It should be noted that this sector is typically more volatile than sectors such as transport and, as such, the outlook can shift quickly if new projects emerge or are funded. Given the positive outlook for new renewable generation requirements in Queensland as part of Australian Energy Market Operator’s (AEMO) Draft 2020 Integrated System Plan (ISP), it is likely that new projects will originate in this sector in coming years. The Queensland Government has successfully led renewable energy investment, and has recently called on the Australian Government to support more investment in renewable energy via the Northern Australian Industry Fund. Exploring this concept has considerable merit.
With our improving visibility on upcoming projects, the total outlook for major projects has improved compared to the QMPPR 2019. The total activity forecast for 2022/23 is now $4.4b larger than the QMPPR 2019 forecast, with the expansion in major project activity to $12.9b by 2022/23 comprised of $5.2b in funded work and $7.7b in unfunded work.
The previously forecast setback in the current financial year has come to pass and activity in 2019/20 is expected to reach $6.6b. This is $391m lower than 2018/19 and $727m of this figure remains unfunded work for 2019/20. While this is significant, it is unlikely to be as severe as previously predicted.
The Australian Government’s $1.9b transport package announced in November 2019 has expedited project timings and offset the decrease in funded projects in other sectors.
All segments except roads and bridges saw an increase in unfunded work since last year, however 71% of the increase in unfunded work ($6.7b) is from the resources and heavy industry sector, and includes major additions to the pipeline across coal, gas and minerals projects. Consequently, the large increase in resources-related unfunded work also impacts heavily on the unfunded pipeline and outlook volatility for key resources regions including Mackay-Isaac and Outback.

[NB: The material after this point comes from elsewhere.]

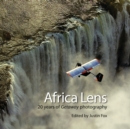 Image for Africa lens 20 years of getaway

The strong increase in unfunded resources-related works points to work done in previous years to bring projects to feasibility stages. Although, the uncertain outlook for global growth, commodities demand and prices continues to drive delays in investment decisions. While the lack of funding is concentrated heavily in resources and heavy industry, rail, roads and water projects see a similar decline in funding in the five-year pipeline. The major project construction decline in the final year of the five-year pipeline is not unusual because the infrastructure project funding horizon is closely tied to Government and large corporation budget cycles. The 2020 Pipeline reveals a number of challenges and risks, but there are also substantial opportunities and potential.
Figure B1.1 illustrates the outlook for major project activity based on the subcategories of funded and unfunded work.
Key features of the of the funded vs unfunded outlook are:
The expansion in major project activity to $12.9bn by 2022/23 is comprised of $5.2bn in funded work and $7.7bn in unfunded work. The total activity forecast for 2022/23 is now $4.4bn larger than the 2019 QMPPR forecast. This large disparity is driven by a much higher volume of unfunded resources and heavy industry activity.
The number of major projects considered unlikely has reduced from 42 to 23, a less risky proposition than a year ago.
Funded major project activity is forecast to rise to $6.9bn in 2021/22, just below the level seen in 2018/19 – but could end up much higher. Unfunded activity in that year also rises to $5.9bn, of which there are $2.8bn in work for existing, credibly proposed, projects. Funding some of these projects could see funded work rise back above 2018/19 levels – and potentially much higher.
Total major project work falls in 2023/24 to $8.6bn, of which almost 58% is unfunded. This lack of funding is concentrated heavily in resources and heavy industry, but also rail projects. Roads and water projects see a similar decline in funding. The major project construction decline in the final year of the five-year pipeline is not unusual because the infrastructure project funding horizon is closely tied to Government and large corporation budget cycles.
Private sector funding is a persistent weak point in the pipeline, with average funded work decreasing $754m per annum from 2019/20. The split of public to private major project activity is almost 50/50 however 79% of publicly-backed major projects are funded compared to 30% for the private sector. For unfunded projects, only four public-backed projects are considered unlikely compared to 19 projects originated by the private sector. Much of this difference lies with resources and heavy industry, where return on investment is more volatile and heavily tied to commodity prices and general economic conditions. There are also a large number of unfunded private-backed major projects in electricity.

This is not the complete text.